EXERCISE GOAL
Only the text of the records belongs in the answer; the pictures must be dropped.
*** SUPPLIED DATA Section Begins ***
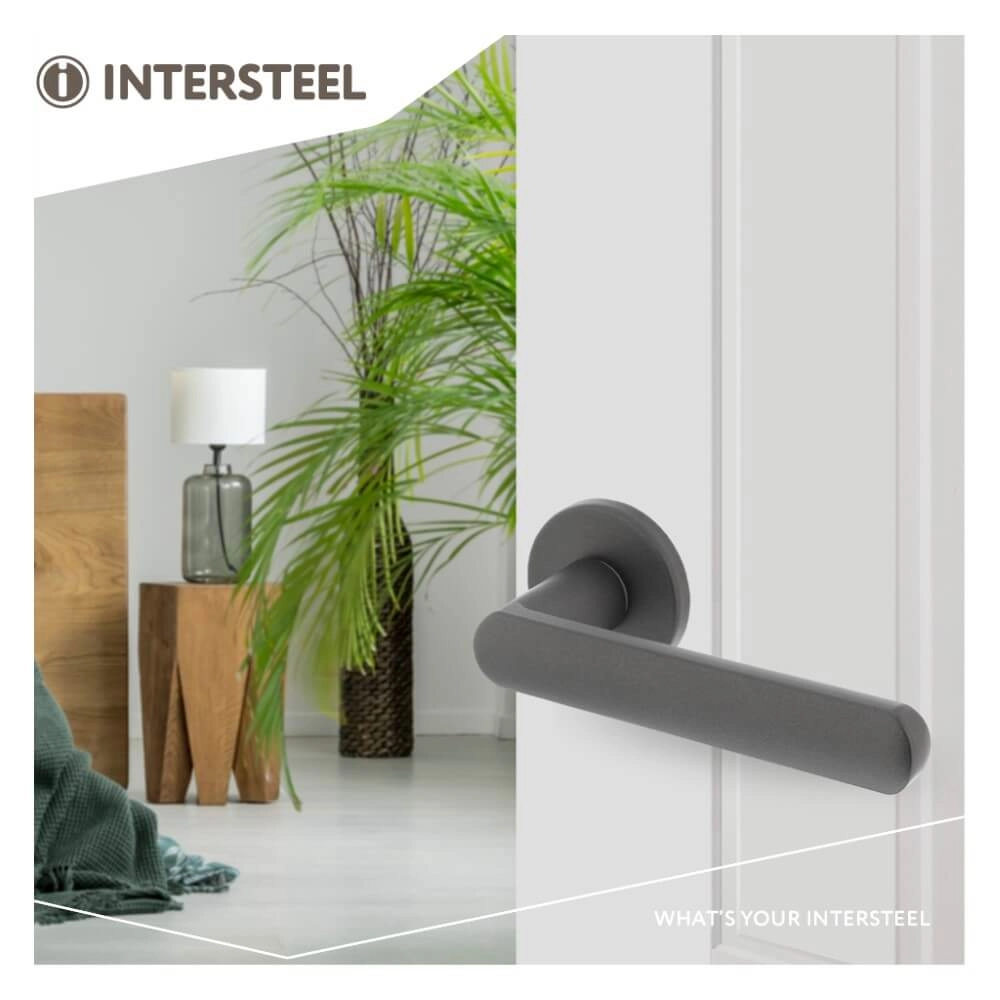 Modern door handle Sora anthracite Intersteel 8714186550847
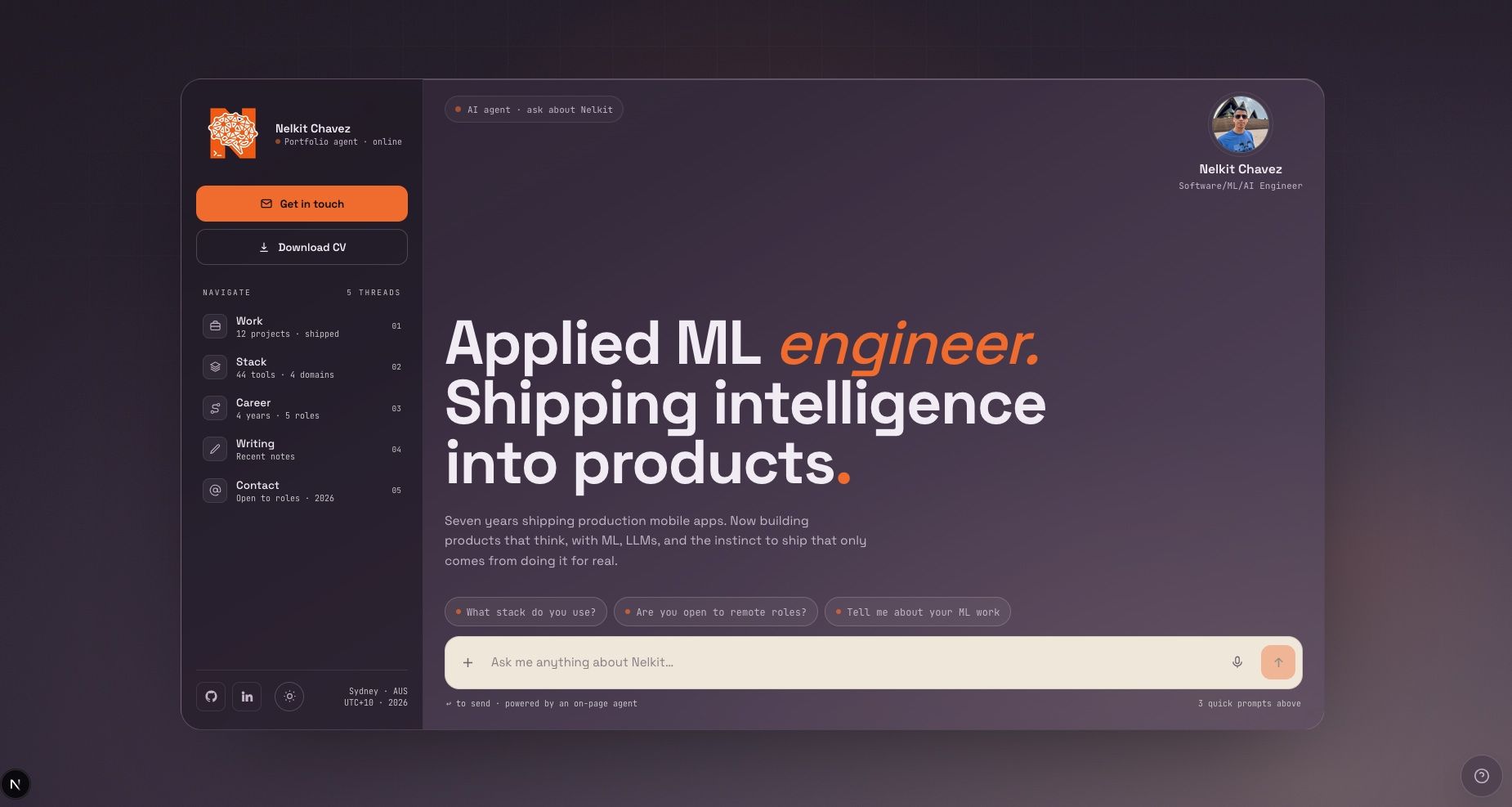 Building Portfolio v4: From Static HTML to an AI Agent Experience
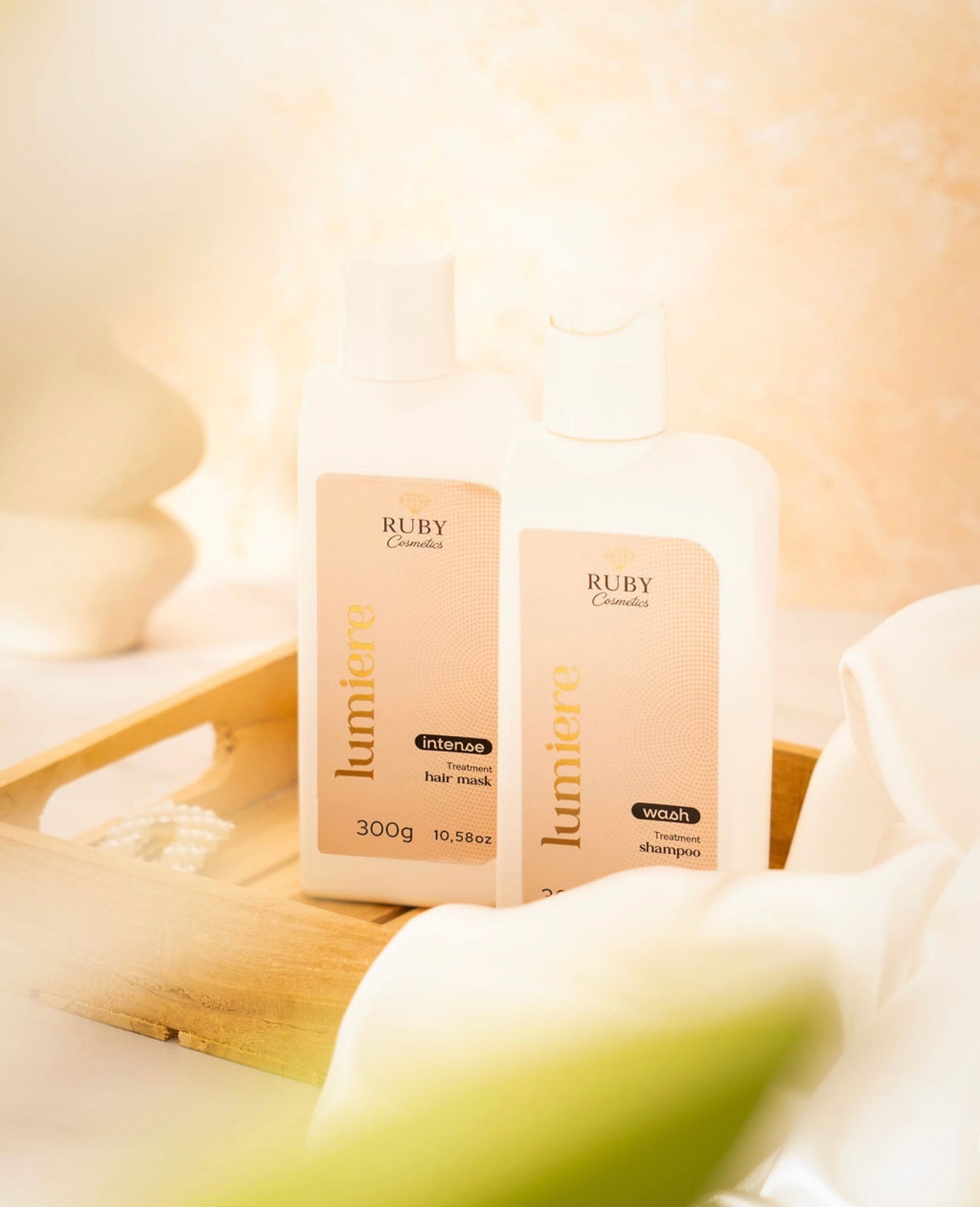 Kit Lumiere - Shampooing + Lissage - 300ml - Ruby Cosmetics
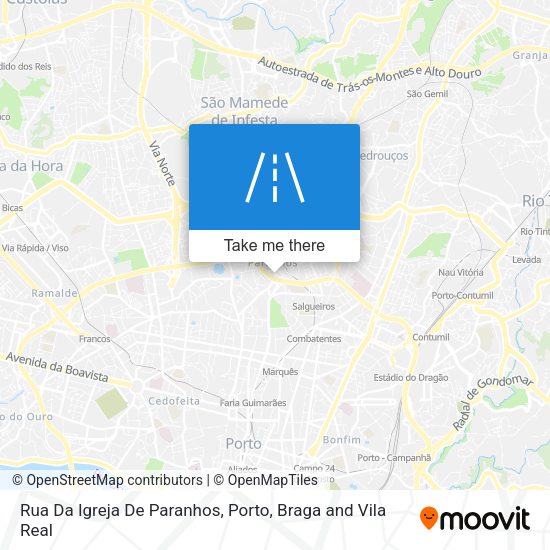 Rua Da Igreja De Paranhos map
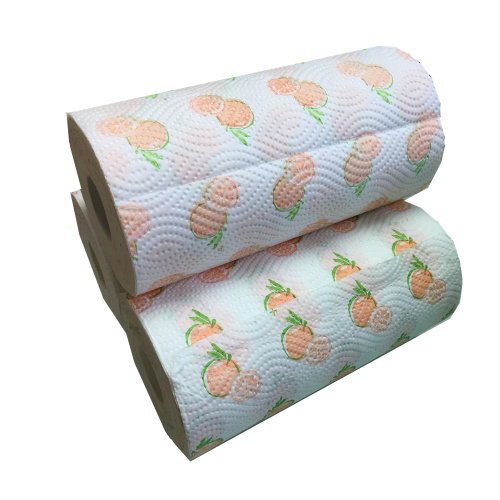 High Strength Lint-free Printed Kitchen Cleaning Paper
*** SUPPLIED DATA Section Ends ***
REPLY TO THE EXERCISE
 Modern door handle Sora anthracite Intersteel 8714186550847
 Building Portfolio v4: From Static HTML to an AI Agent Experience
 Kit Lumiere - Shampooing + Lissage - 300ml - Ruby Cosmetics
 Rua Da Igreja De Paranhos map
 High Strength Lint-free Printed Kitchen Cleaning Paper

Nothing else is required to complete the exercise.